• [Directions for this task]: Type the data below again exactly. Omit all pictures.

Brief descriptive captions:
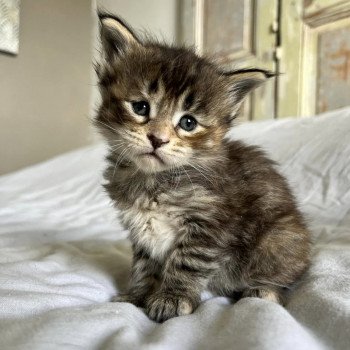 Maceo’s Gône’s U’Balenciaga Femelle Maine coon
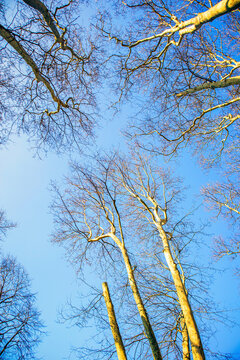 bare trees streaching to  sky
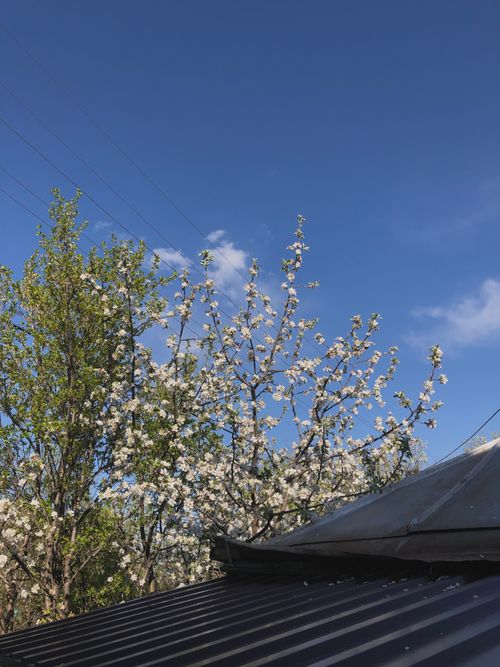 Free Blooming cherry blossoms and a building roof under a clear blue sky in Keger, Russia. Stock Photo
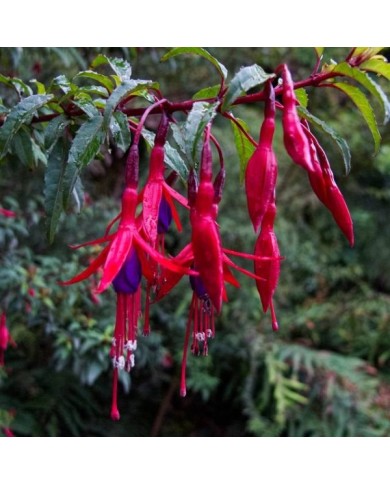 Fuchsia rustique de Magellan Riccartonii (Dan Lundberg / flickr.com)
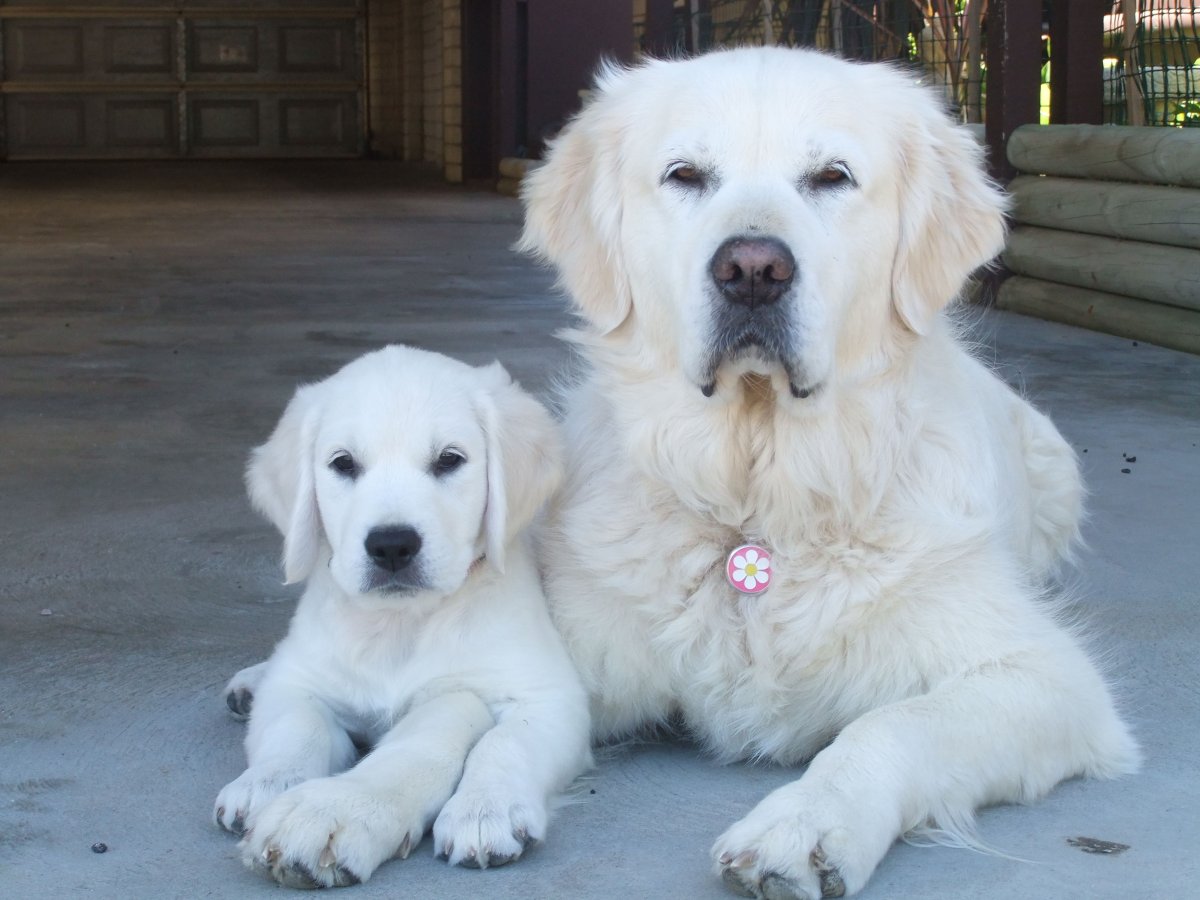 Золотистый ретривер гладкошерстный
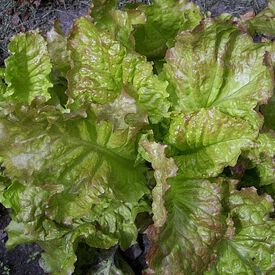 Prizehead, Lettuce Seeds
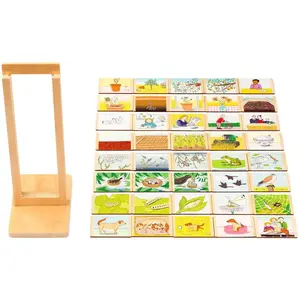 Eduplay Jeu - Le cylces de vie pas cher
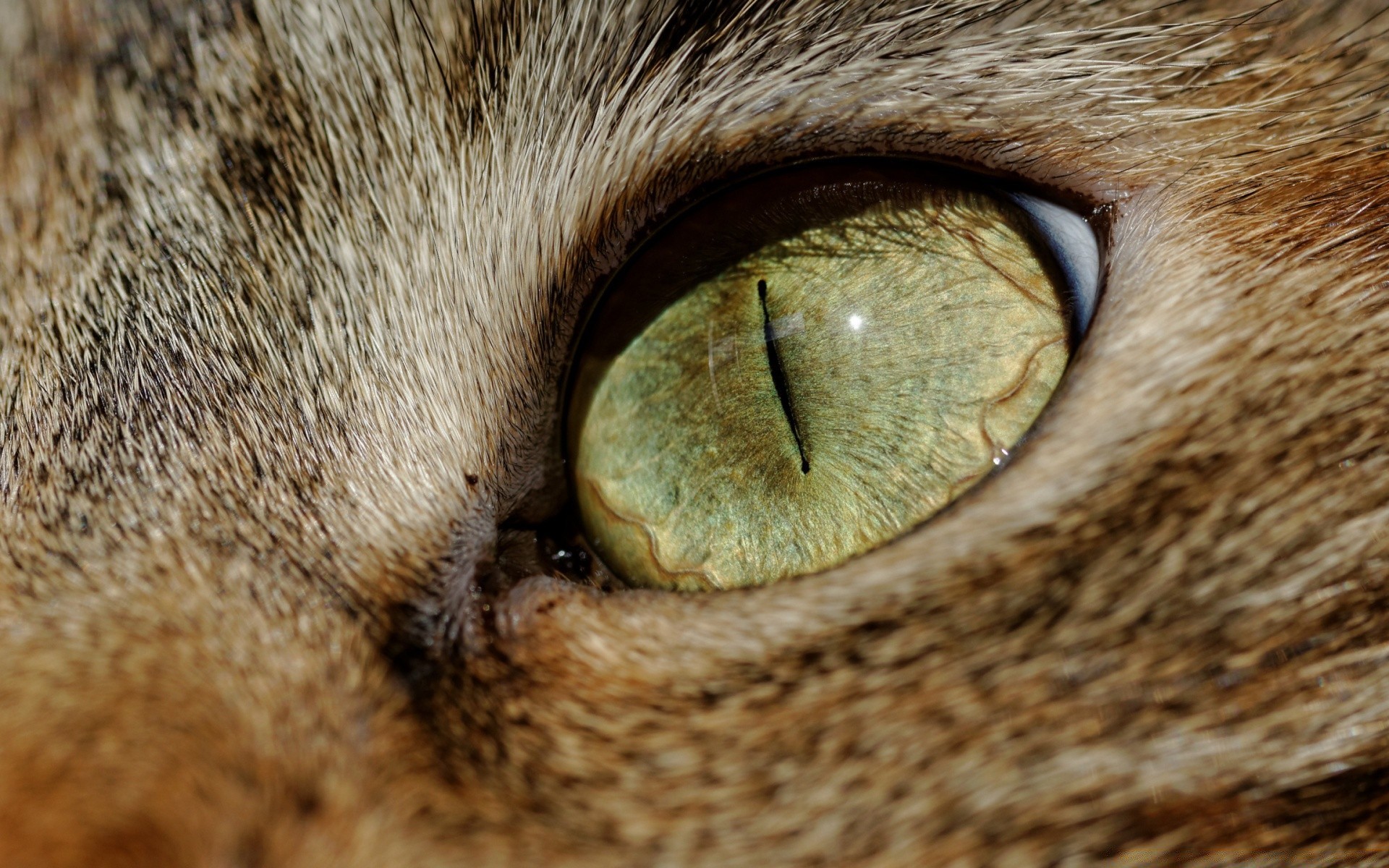 Сделать глаза кошке. Кошачий глаз. Необычные глаза животных. Зрачок кошки. Кошка крупным планом.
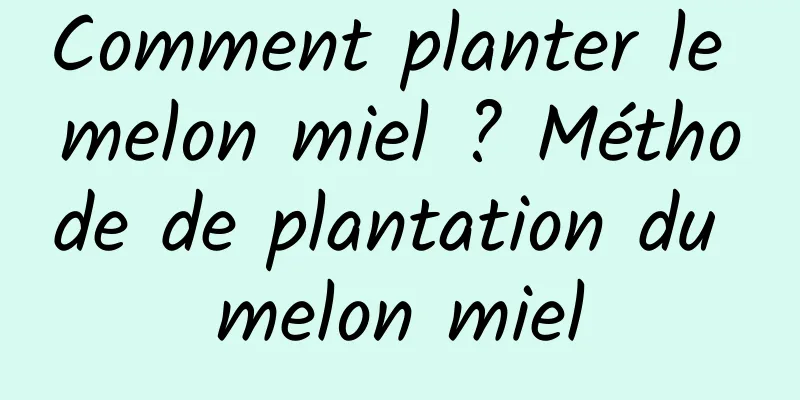 Comment planter le melon miel ? Méthode de plantation du melon miel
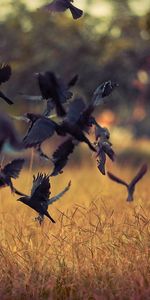 Nature,Birds,Takeoff,Crows,Field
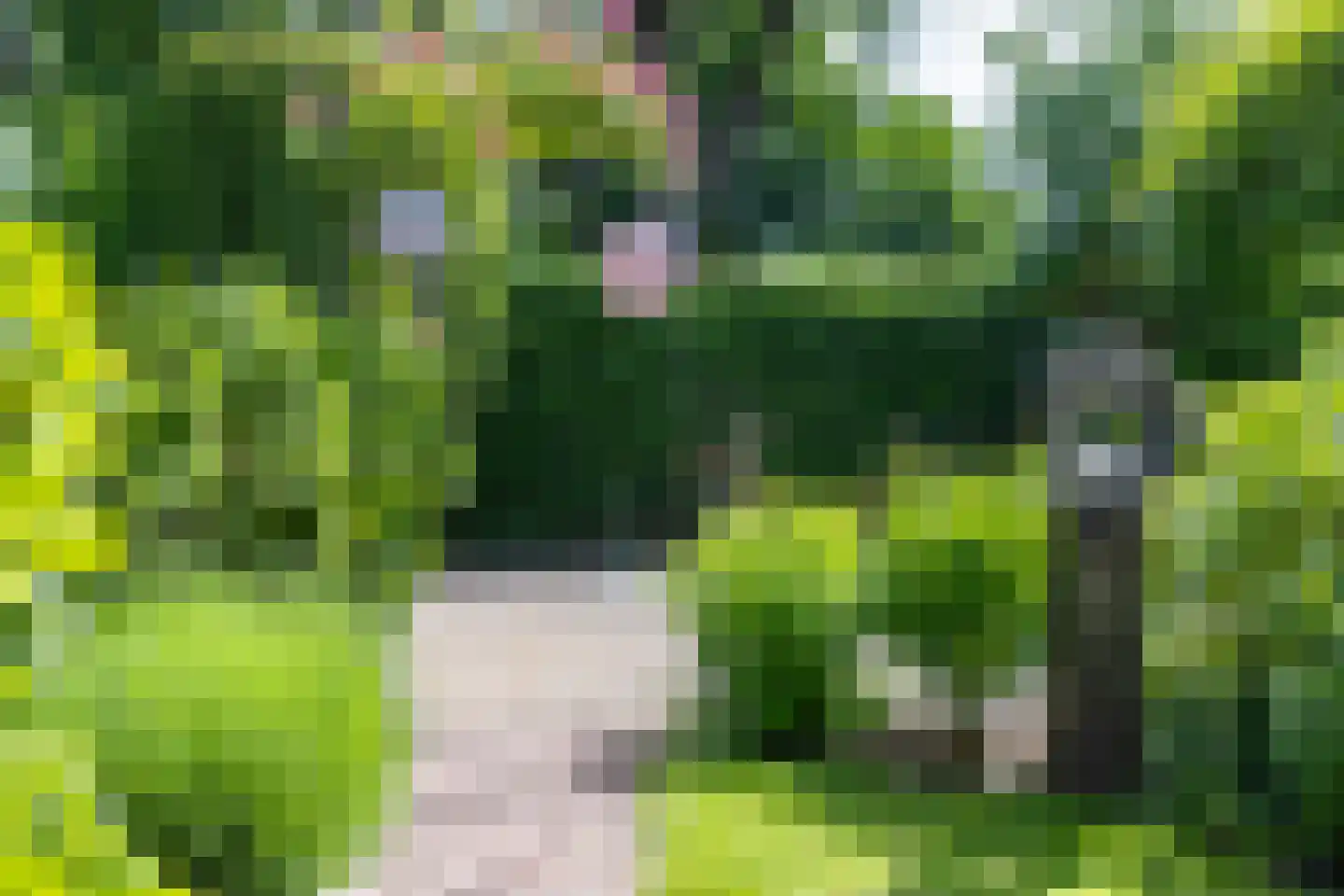 Kleine Gracht 4 Hattem thumbnail 42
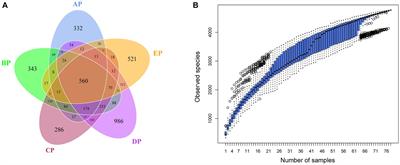 Effect of 15 days −6° head-down bed rest on microbial communities of supragingival plaque in young men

• [Your response]:
 Maceo’s Gône’s U’Balenciaga Femelle Maine coon
 bare trees streaching to  sky
 Free Blooming cherry blossoms and a building roof under a clear blue sky in Keger, Russia. Stock Photo
 Fuchsia rustique de Magellan Riccartonii (Dan Lundberg / flickr.com)
 Золотистый ретривер гладкошерстный
 Prizehead, Lettuce Seeds
 Eduplay Jeu - Le cylces de vie pas cher
 Сделать глаза кошке. Кошачий глаз. Необычные глаза животных. Зрачок кошки. Кошка крупным планом.
 Comment planter le melon miel ? Méthode de plantation du melon miel
 Nature,Birds,Takeoff,Crows,Field
 Kleine Gracht 4 Hattem thumbnail 42
 Effect of 15 days −6° head-down bed rest on microbial communities of supragingival plaque in young men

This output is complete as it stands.